I notice that as our location changes we make new homes. And I wonder about those who have several houses. Are they all considered home? Or is there one place that has priority? And do different members of the family consider the same place home? Sometimes I hear people talk about “Home-home” and “Home away from home.” So what constitutes home? Is it where the heart is? I think for most of us, it’s the household where we felt or now feel most connected and comfortable, the place where we can most be ourselves and live authentically.
The image of these geese, particularly their reflections on the water, causes me to reflect on what it means to “return home.” Many of us go home for the holidays, perhaps to reconnect with our roots, relatives, and friends. Whether or not this involves travel, we return to the places where we found or currently find comfort, hopefully, acceptance and the opportunity to be ourselves with other people.

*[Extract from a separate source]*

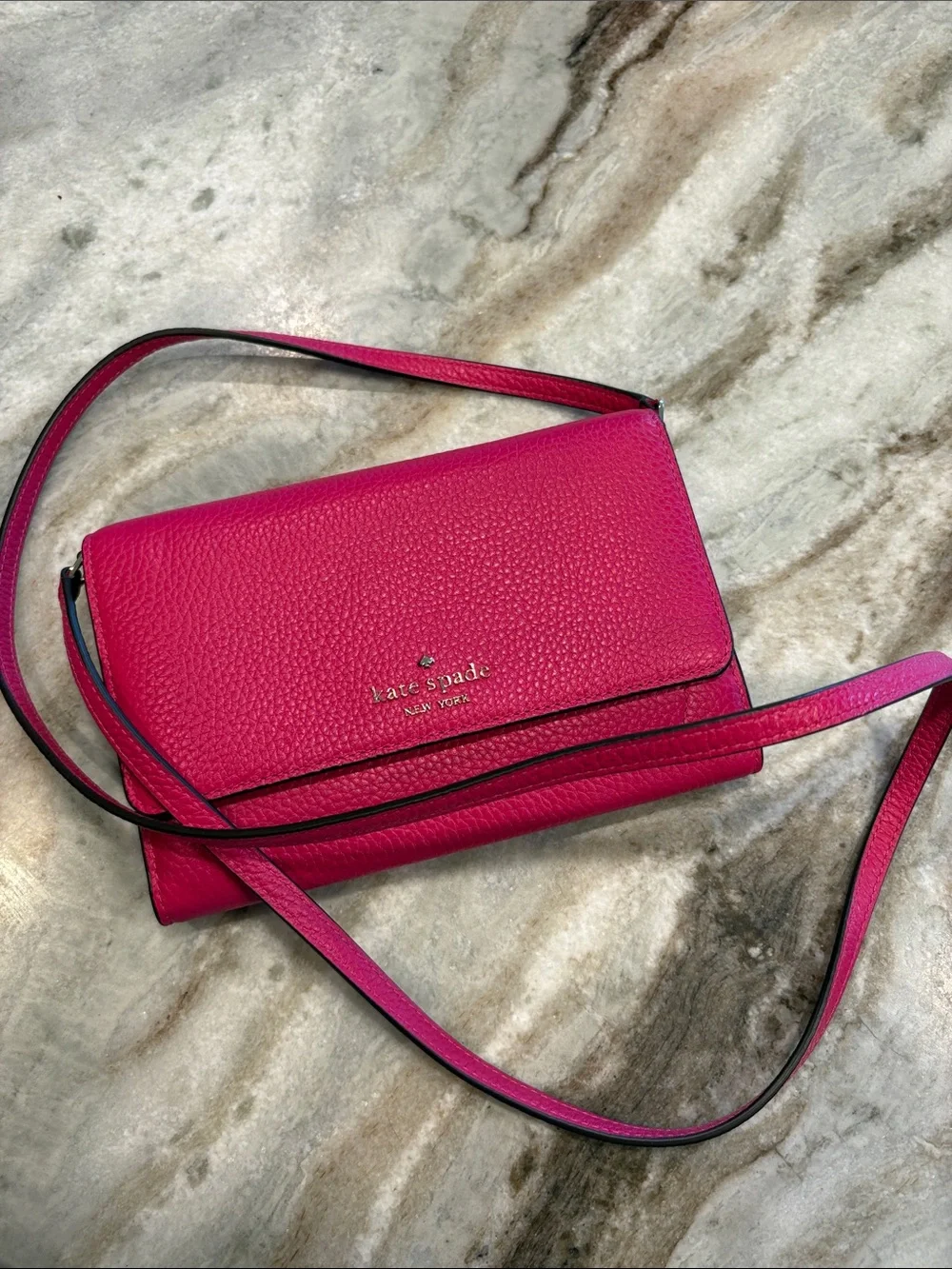 kate spade Harlow Pebbled Leather Crossbody Wallet in Pink Ruby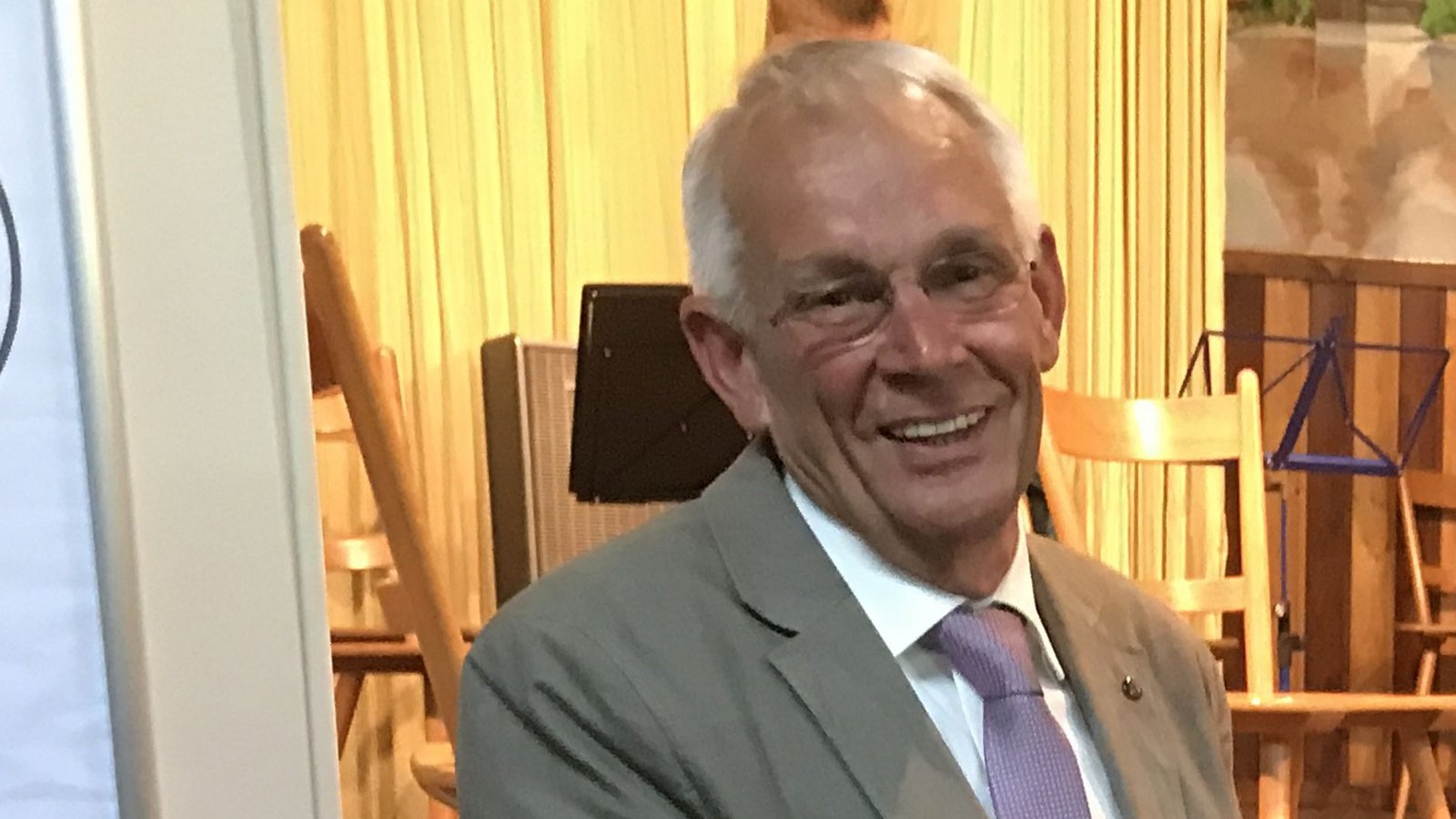 Der 72-jährige Hans Lauser, nach eigenen Worten schon seit 35 Jahren dabei, steht auf Platz eins der Liste der Bürger für Wimsheim.Foto: Wedekind Der 72-jährige Hans Lauser, nach eigenen Worten schon seit 35 Jahren dabei, steht auf Platz eins der Liste der Bürger für Wimsheim.Foto: Wedekind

I also recognize that there’s an inner home, the place where the deepest truth of myself is known. Returning there, reconnecting with my true Self, I am inspired to live as I ought, not just as I want. Yasuhiko Kimura, a mystic and author who integrates spiritual philosophy and science, defines authenticity as “The clarity of being in which there is no self-deceit.” Putting this into practice, living authentically is the expression of thought, word, and deed with integrity to purpose rather than social norms, circumstances, or the expectations of others.
Going home in this sense is reconnecting and recommitting to a life of focused purpose. One of the ways I do this is by getting out and reading through my Meditation Workbook—abinder containing my own and other’s inspirational thoughts, poems, prayers, meditations, contemplations, essays, and information—writings that have been important to me. As with photographs, these items reflect back to me certain qualities of identity and aspiration. By reconnecting with my “family” of beliefs and values in those pages, I can better act deliberately in ways that reinforce them—always with an open mind and a willingness to modify them as consciousness evolves. As a source of inspiration, these materials always re-energizes me and call me to center.
What a blessing it is to have comfortable and enriching homes, both in the world and in consciousness. The temptation is to think that these are due to circumstances. But just as a house is not automatically a home, both domains require continuous work—physically, mentally, and spiritually. Like migrating geese, to get there we have to go there.
The light that shines farthest shines brightest at home.
Rhoda and Homer Slabaugh (Amish)
About This Image
Title: Geese In Flight
File #: DC360
Location: Logan, OH
I got up around 4:00 a.m. so I leave the motel and could reach Lake Logan by sunrise. This photograph was made around the same time as the masthead for this blog. Walking the shoreline, a flock of geese flew over the water. Quickly, I raised the camera and clicked off about five shots. Because I was using a zoom lens that had been set on “wide-angle,” by the time I zoomed-in and focused, the moment had gone. Previewing the shots showed they were all out of focus and the birds were blurred.
Figuring (hoping) that another flock might come, I zoomed the lens to “telephoto,” set a faster shutter speed, and focused on the water—about where the geese had been. I didn’t have to wait long before another flock of birds came along. As the saying goes, “Fortune favors the prepared mind.” And camera.